CRA obligations apply to all FDIC-insured commercial banks and savings associations. Credit unions, mortgage companies that do not hold FDIC-insured deposits, and non-bank fintechs are generally outside the CRA's direct scope — though the CFPB and state regulators may impose analogous fair lending requirements on such entities. For institutions within scope, CRA performance is evaluated at periodic intervals linked to the institution's examination schedule, asset size, and prior performance rating. Institutions with assets above $1.564 billion (2023 threshold indexed by the FDIC) are classified as large institutions and face the most comprehensive multi-test examination framework.

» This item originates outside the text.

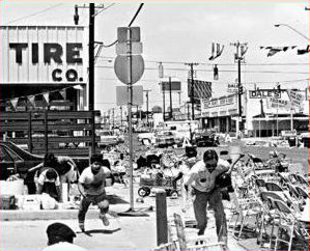 Chaotic street scene during the real life gun battle at Battle of the Flowers Parade in San Antonio, Texas, on April 27, 1979.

A CRA audit, as distinct from the regulatory examination itself, is an internal or third-party review conducted by the institution to assess its own compliance posture before — or in preparation for — an official examination. For background on how this fits within broader bank compliance reviews, see FDIC Audit Requirements for Banks and Compliance Audit vs Financial Audit.
How it works
A CRA audit follows a structured sequence that mirrors the methodology federal examiners use under 12 C.F.R. Part 25 (OCC), 12 C.F.R. Part 228 (FRB), and 12 C.F.R. Part 345 (FDIC), as amended effective February 27, 2026.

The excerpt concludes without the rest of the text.